Autocrine formation of hepcidin induces iron retention in human monocytes

Igor Theurl, Milan Theurl, Markus Seifert, Sabine Mair, Manfred Nairz, Holger Rumpold, Heinz Zoller, Rosa Bellmann-Weiler, Harald Niederegger, Heribert Talasz, and Guenter Weiss*

Department of General Internal Medicine, Clinical Immunology and Infectious Diseases, Medical University, Innsbruck, Austria
Department of Hematology and Oncology, Medical University, Innsbruck, Austria
Department of Gastroenterology and Hepatology, Medical University, Innsbruck, Austria
Tyrolean Cancer Research Institute, Medical University, Innsbruck, Austria
Biocenter, Division of Clinical Biochemistry, Medical University, Innsbruck, Austria

* Corresponding author; email: guenter.weiss{at}i-med.ac.at.

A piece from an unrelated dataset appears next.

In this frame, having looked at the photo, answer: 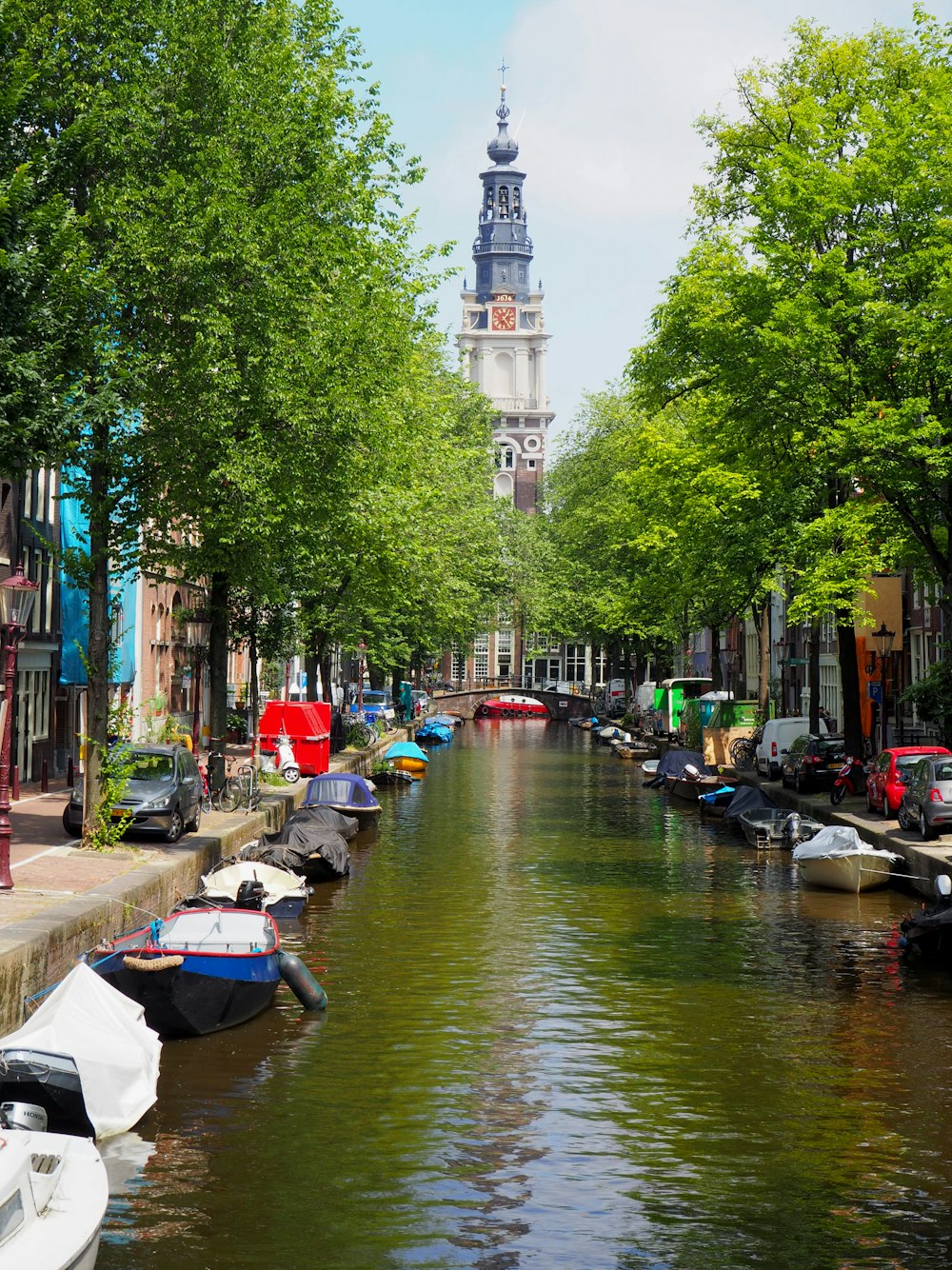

Hepcidin, a master regulator of iron homeostasis, is produced in small amounts by inflammatory monocytes/macrophages. Chronic immune activation leads to iron retention within monocytes/macrophages and the development of anemia of chronic disease (ACD). We questioned whether monocyte derived hepcidin exerts autocrine regulation of cellular iron metabolism.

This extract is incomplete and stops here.